Once the line containing "Stylowe etui do" has been copied, stop; copy every line before it exactly, beginning with the first line of the material below.
RECORD EXCERPTS: Begin
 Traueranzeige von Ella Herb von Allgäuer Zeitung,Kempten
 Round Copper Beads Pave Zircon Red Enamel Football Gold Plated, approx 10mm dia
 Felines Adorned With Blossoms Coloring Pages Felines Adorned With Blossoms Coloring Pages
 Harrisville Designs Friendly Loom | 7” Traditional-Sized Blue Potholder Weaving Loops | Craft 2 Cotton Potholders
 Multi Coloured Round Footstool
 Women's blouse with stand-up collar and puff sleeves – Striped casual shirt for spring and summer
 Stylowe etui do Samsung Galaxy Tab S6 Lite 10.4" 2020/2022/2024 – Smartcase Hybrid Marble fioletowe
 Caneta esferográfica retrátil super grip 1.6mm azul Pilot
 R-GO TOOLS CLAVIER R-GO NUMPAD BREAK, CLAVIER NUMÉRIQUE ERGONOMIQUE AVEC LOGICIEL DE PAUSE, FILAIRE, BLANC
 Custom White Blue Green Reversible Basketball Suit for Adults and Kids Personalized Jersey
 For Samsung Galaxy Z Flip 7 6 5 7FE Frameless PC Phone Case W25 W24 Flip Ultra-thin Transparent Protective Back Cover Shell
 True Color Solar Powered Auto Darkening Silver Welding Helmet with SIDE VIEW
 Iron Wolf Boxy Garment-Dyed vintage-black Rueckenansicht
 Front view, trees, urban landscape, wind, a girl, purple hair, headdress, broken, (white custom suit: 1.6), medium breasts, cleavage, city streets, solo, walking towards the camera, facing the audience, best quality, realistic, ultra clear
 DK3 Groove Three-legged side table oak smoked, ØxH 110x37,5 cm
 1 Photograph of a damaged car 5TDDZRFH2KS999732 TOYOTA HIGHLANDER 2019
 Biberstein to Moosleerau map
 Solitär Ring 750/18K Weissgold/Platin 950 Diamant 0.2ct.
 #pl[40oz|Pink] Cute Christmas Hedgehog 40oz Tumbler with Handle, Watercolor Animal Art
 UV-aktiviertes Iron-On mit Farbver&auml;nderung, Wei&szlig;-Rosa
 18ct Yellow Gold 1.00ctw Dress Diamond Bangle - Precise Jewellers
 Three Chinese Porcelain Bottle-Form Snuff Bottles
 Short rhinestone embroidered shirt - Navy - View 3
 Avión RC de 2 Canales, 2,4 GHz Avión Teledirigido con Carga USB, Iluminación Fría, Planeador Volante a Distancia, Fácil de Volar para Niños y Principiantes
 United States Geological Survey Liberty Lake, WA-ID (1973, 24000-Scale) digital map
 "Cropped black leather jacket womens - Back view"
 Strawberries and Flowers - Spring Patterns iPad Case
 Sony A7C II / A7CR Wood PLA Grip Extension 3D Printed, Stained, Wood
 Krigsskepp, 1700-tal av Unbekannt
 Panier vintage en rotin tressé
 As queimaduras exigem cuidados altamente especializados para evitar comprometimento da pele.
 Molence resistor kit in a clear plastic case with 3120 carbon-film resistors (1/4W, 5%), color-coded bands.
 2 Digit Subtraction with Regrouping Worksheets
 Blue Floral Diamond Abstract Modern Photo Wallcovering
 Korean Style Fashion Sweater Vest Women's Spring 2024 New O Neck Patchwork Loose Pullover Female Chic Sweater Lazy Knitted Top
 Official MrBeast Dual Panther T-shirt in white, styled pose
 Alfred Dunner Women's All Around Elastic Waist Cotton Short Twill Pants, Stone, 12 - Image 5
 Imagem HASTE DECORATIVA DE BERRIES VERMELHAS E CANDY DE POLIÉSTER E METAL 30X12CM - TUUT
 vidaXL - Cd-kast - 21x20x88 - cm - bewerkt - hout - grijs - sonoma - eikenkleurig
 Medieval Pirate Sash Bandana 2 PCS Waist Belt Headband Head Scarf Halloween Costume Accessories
RECORD EXCERPTS: End
TASK ANSWER
 Traueranzeige von Ella Herb von Allgäuer Zeitung,Kempten
 Round Copper Beads Pave Zircon Red Enamel Football Gold Plated, approx 10mm dia
 Felines Adorned With Blossoms Coloring Pages Felines Adorned With Blossoms Coloring Pages
 Harrisville Designs Friendly Loom | 7” Traditional-Sized Blue Potholder Weaving Loops | Craft 2 Cotton Potholders
 Multi Coloured Round Footstool
 Women's blouse with stand-up collar and puff sleeves – Striped casual shirt for spring and summer
 Stylowe etui do Samsung Galaxy Tab S6 Lite 10.4" 2020/2022/2024 – Smartcase Hybrid Marble fioletowe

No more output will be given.